The crux of the issue with digital technology is that our ability to make decisions and to control our personal information.
Mostly without our knowledge, and certainly without informed consent, nation states sweep our data alleging ‘national security’ interests, whether legitimate or not. Corporations sweep our data, because they have powerful economic incentives to do so and, with the capitalist lurch, no reason not to.
So what can be done to reclaim this systematic erosion to reinstate rights over the long echo of our digital whispers and wanderings? In Europe, there are some rumblings of resistance. They are the rumblings of citizens, of regulators, of courts. And they are starting to find their voice.
On 24 March in Luxembourg, the Court of Justice of the European Union heard Austrian Max Schrems’ lawsuit against Facebook over the storage, security and treatment of European users’ data. In particular, it explored cooperation between Facebook and US intelligence agencies in sharing private information through Prism and other clandestine surveillance programs. The Schrems case is politically charged, thrust into the tense commercial and intergovernmental relations between the EU and US over data privacy, and particularly the imperiled ‘safe harbor’ regime, which has governed cross-border data transfers for the past 15 years.
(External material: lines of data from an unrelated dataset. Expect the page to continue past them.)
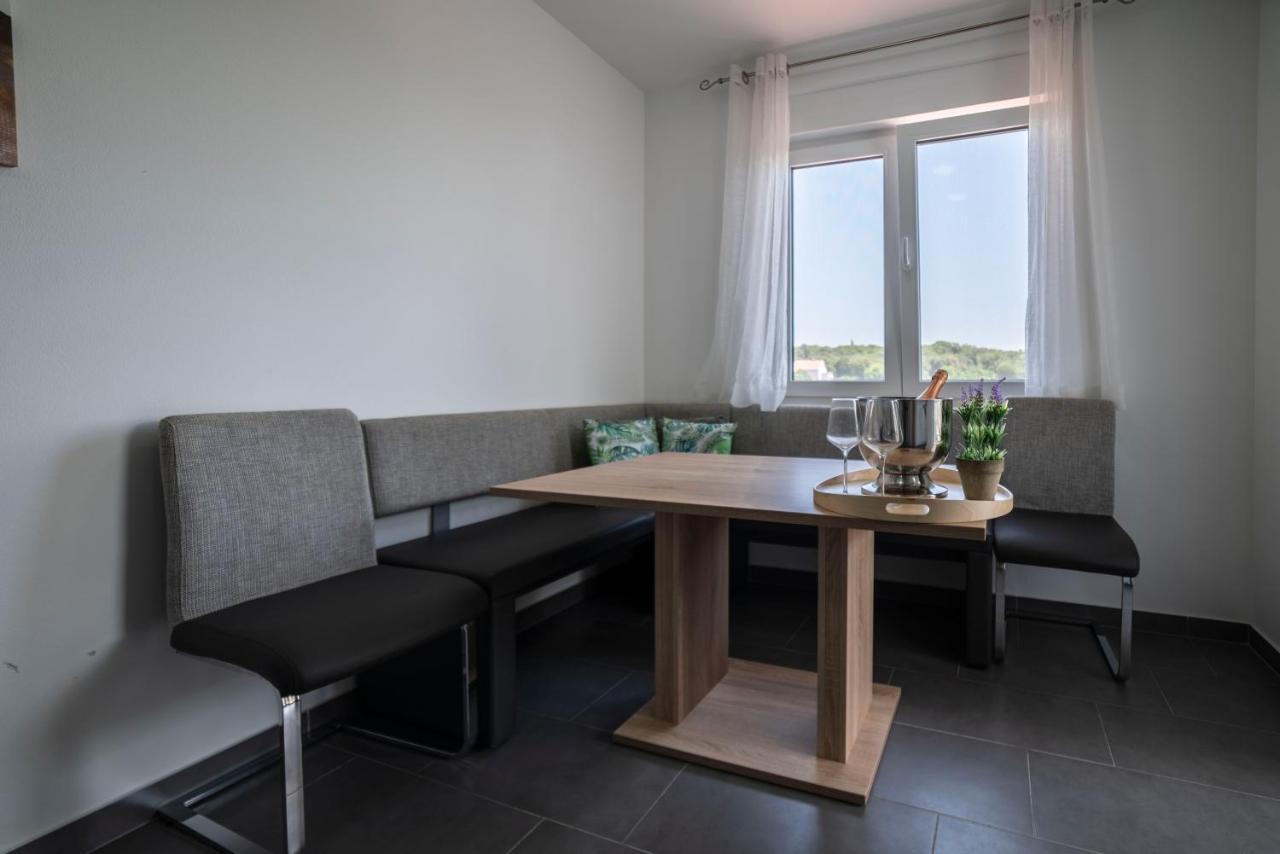 PUY Apartments Adriana מראה חיצוני תמונה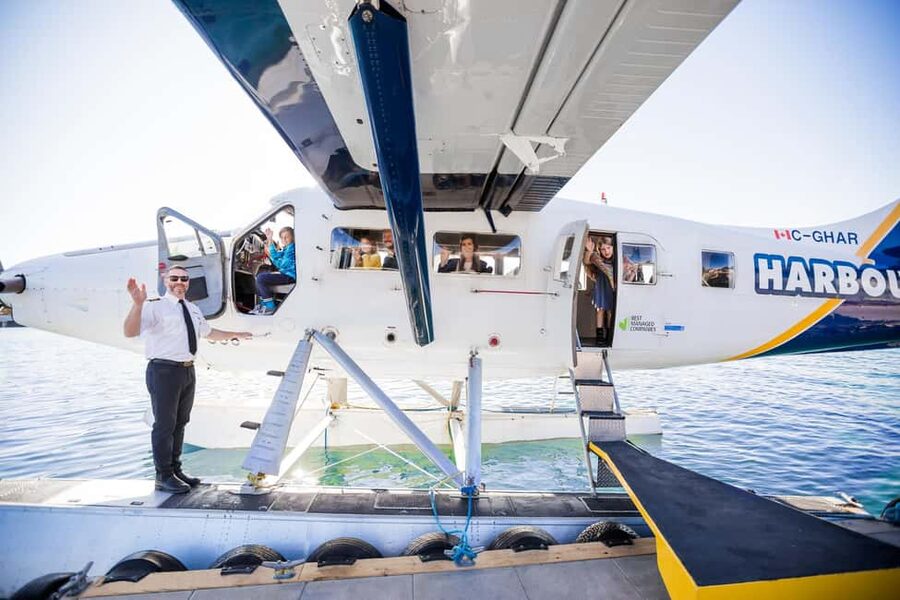 Vancouver: Extended Scenic Panorama Seaplane Tour - Downtown Vancouver in the First 20 Minutes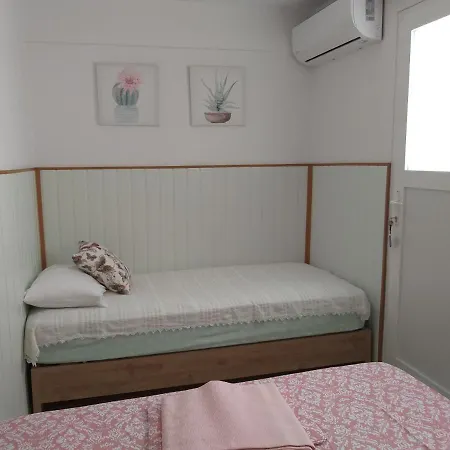 Zefi's Sea Apartment Nea Peramos (Macedonia)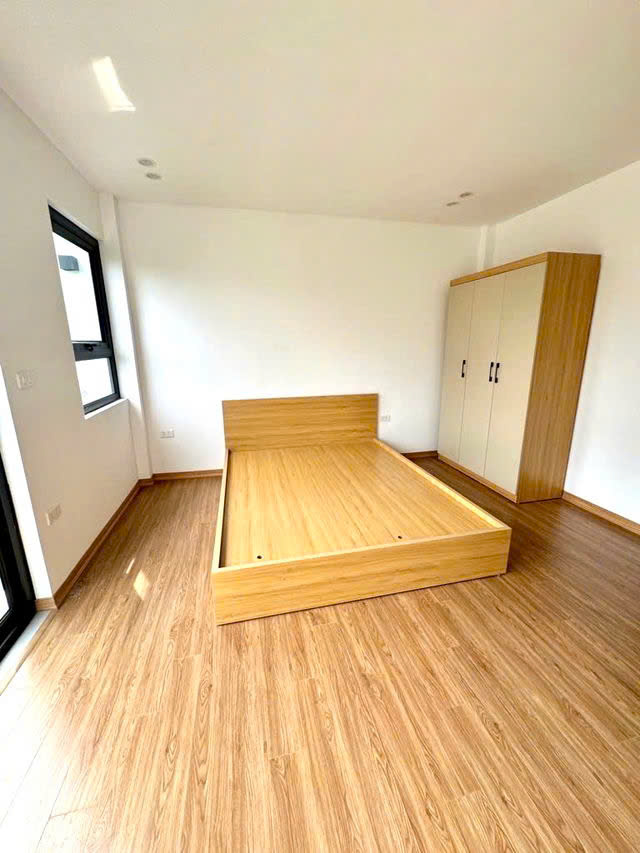 NHÀ MỚI ĐẸP TẶNG NỘI THẤT phố Bát Khối- Long Biên 30m2 X 5 Tầng,mặt tiền  4.3m, 5.5 tỷ. - Ảnh 3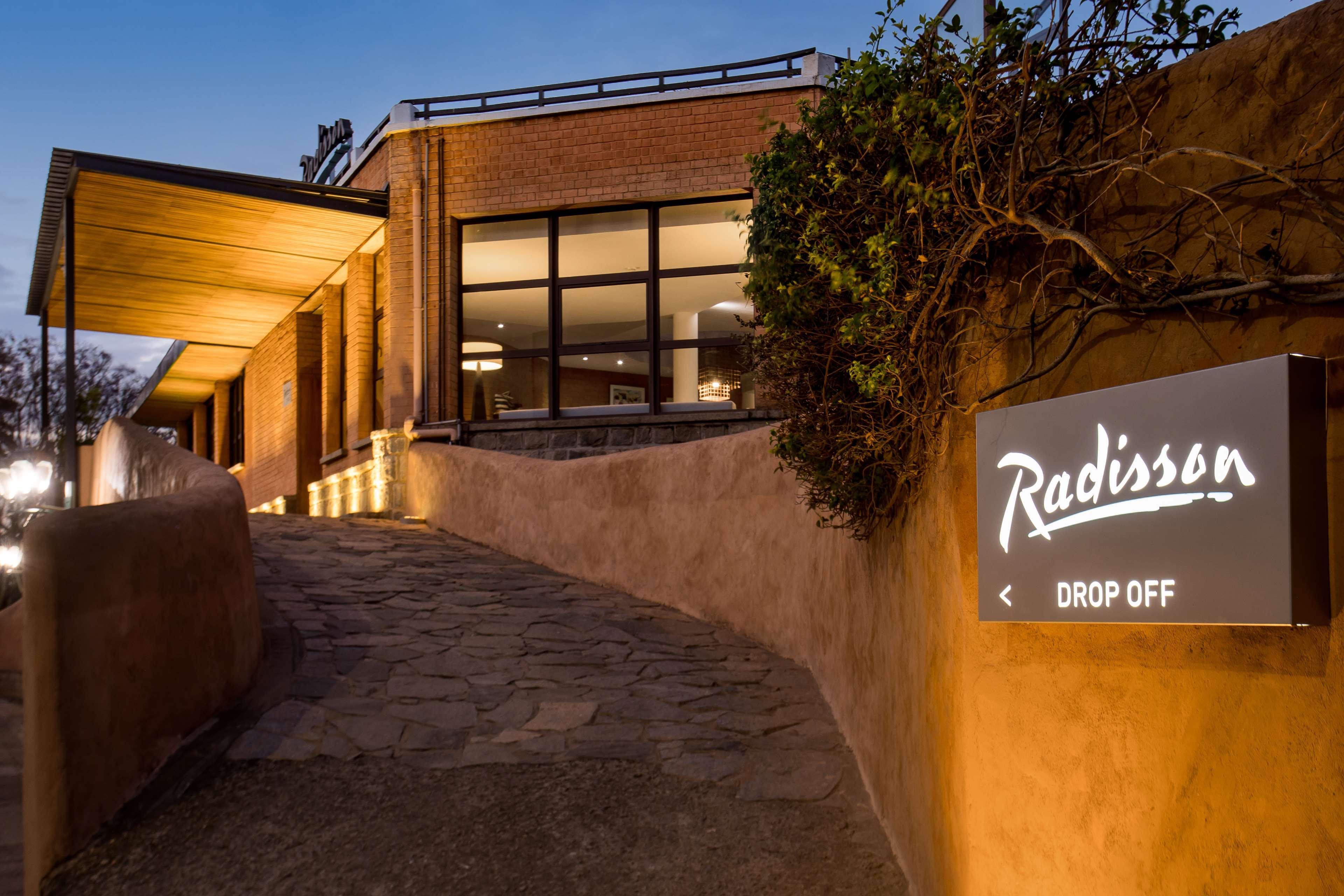 Radisson Blu Hotel Antananarivo Waterfront Buitenkant foto
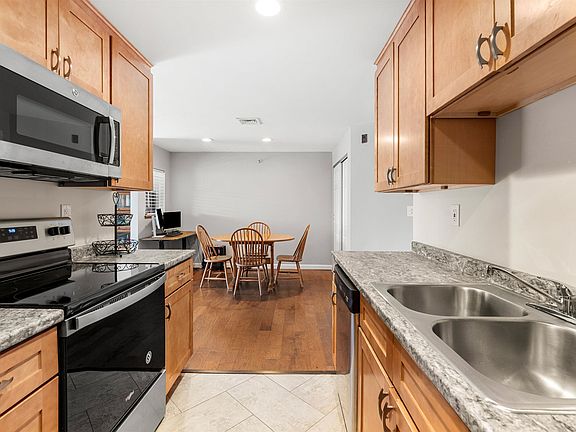 3rd image of 432 Abbott Farm Lane #432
This will have been given fuel by the discovery that Facebook spies on virtually all European web users, even those who have opted out of its services, for up to two years.
If ex-NSA contractor Edward Snowden’s disclosures about the vast extent of digital surveillance issued a gunshot, then the European Parliament absorbed it, and the CJEU is now deflecting it. So much so that it has even reached the UK.
The UK is not particularly known as a stronghold of data protection and privacy. But that may have changed with a significant Court of Appeal case on 27 March of Vidal-Hall, which concerned claims by Apple Safari browser users against Google over secret tracking and collation of their browser-generated information and its sale to advertisers.
Vidal-Hall was a procedural decision, but it cleared the way for claims against international tech companies for the tort of misuse of private information, as well as confirming the availability of damages under the UK Data Protection Act for non-financial losses, such as anxiety and distress.
Finally, and moving away from the courts, on 26 March, the UN Human Rights Council issued a resolution establishing a special rapporteur on privacy, the latest step in the Germany and Brazil-led coalition, initiated after the Snowden revelations, to bring privacy in the digital age to the United Nations.
Where do we go from here?
Almost all of our new and much-vaunted technological advances, the app economy, drones, self-driving cars, the Internet of Things, pose unprecedented and, as presently conceived, unjustified trade offs with our autonomy, privacy and data rights.
There are signals and small flames of hope however, that the balance can be readjusted, that corporate and governmental restraint can be introduced to digital platforms, and that citizens can be put back in the driving seat.
The challenge articulated 15 years ago by scholar Michael Froomkin stands as true as the day he said it:
“There is no magic bullet, no panacea. If the privacy pessimists are to be proved wrong, the great diversity of new privacy-destroying technologies will have to be met with a legal and social response that is at least as subtle and multifaceted as the technological challenge. Given the rapid pace at which privacy-destroying technologies are being invented and deployed, a legal response must come soon, or it will indeed be too late.”